Œuvres complètes de Béranger/Le Juge de Charenton
Pour les autres éditions de ce texte, voir Le Juge de Charenton.
LE JUGE DE CHARENTON[1]
Un maître fou qui, dit-on,
Fit jadis mainte fredaine,
Des loges de Charenton
S’est enfui l’autre semaine.
Chez un juge qui griffonnait,
Il arrive et prend simarre et bonnet,
Puis à l’audience, hors d’haleine,
Il entre et soudain dit : Préchi ! Précha !
Et patati, et patata.
Prêtons bien l’oreille à ce discours-là.
« L’Esprit saint soutient ma voix,
« Et les accusés vont rire ;
« Moi, l’interprète des lois,
« J’en viens faire la satire.
« Nous les tenons d’un impudent
« Qui, pour s’amuser, me fit président.
« J’ai long-temps vanté son empire,
« Mais j’étais alors payé pour cela. »
Et patati, et patata.
Pouvait-on s’attendre à ce discours-là ?
« Le drame et Galimafré
« Corrompent nos cuisinières.
« En frac on voit un curé,
« Et nos enfants ont trois pères.
« Le mariage est un loyer :
« On entre en octobre, on sort en janvier.
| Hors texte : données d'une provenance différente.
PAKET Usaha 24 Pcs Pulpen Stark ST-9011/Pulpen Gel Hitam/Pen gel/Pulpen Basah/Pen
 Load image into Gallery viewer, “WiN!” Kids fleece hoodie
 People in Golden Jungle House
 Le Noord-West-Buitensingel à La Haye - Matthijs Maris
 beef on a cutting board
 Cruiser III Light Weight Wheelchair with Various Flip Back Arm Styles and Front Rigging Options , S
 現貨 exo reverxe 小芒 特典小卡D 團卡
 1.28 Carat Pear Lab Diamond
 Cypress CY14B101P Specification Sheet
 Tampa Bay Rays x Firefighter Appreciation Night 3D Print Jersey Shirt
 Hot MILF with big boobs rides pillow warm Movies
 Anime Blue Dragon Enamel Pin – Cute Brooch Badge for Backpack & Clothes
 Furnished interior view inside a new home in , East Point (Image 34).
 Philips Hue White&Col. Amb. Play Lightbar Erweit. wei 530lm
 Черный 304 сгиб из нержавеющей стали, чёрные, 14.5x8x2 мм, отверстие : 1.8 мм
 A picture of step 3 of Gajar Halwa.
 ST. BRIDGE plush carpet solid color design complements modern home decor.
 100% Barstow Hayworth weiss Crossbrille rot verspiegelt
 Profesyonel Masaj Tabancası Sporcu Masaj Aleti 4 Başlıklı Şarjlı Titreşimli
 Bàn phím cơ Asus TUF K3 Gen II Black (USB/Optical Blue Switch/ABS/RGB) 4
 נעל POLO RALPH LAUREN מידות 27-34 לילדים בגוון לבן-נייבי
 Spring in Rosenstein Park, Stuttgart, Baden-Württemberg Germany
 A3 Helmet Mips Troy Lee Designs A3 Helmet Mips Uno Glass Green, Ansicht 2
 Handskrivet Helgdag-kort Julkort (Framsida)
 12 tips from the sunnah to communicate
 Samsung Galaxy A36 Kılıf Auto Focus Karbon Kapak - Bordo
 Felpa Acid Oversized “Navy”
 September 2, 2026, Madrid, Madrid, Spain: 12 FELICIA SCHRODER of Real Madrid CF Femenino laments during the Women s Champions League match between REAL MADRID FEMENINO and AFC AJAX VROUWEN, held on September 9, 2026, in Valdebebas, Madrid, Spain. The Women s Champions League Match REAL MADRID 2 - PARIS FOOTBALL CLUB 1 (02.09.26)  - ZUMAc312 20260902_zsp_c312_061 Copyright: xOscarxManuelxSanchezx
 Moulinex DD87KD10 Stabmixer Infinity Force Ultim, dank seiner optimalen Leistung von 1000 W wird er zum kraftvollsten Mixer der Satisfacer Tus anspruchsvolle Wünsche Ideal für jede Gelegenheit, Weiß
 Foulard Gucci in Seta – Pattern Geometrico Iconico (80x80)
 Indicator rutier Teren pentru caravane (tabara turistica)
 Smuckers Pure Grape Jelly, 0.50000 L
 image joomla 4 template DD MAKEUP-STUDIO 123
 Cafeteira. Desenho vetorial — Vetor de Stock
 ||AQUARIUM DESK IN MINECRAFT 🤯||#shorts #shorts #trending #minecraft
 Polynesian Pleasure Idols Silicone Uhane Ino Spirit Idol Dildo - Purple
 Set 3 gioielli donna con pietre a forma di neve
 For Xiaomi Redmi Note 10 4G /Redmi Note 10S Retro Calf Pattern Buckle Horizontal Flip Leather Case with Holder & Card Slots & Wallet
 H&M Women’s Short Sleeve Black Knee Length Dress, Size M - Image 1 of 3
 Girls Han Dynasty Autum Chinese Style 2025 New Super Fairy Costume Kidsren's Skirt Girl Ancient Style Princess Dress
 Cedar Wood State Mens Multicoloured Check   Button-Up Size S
« Les cachemires adultères
« Nous donnent la peste, et ma femme en a. »
Et patati, et patata.
Il a mis de tout dans ce discours-là.
« Pour débaucher un mari
« Que les filles ont d’adresse !
« Sous Madame Dubarri
« Elles allaient à confesse.
« Ah ! Qu’enfin (et le terme est clair),
« L’épouse et l’époux ne soient qu’une chair ;
« Et vous, qui nous tentez sans cesse,
« Filles, respectez l’habit que voilà. »
Et patati, et patata.
Rien n’est plus moral que ce discours-là.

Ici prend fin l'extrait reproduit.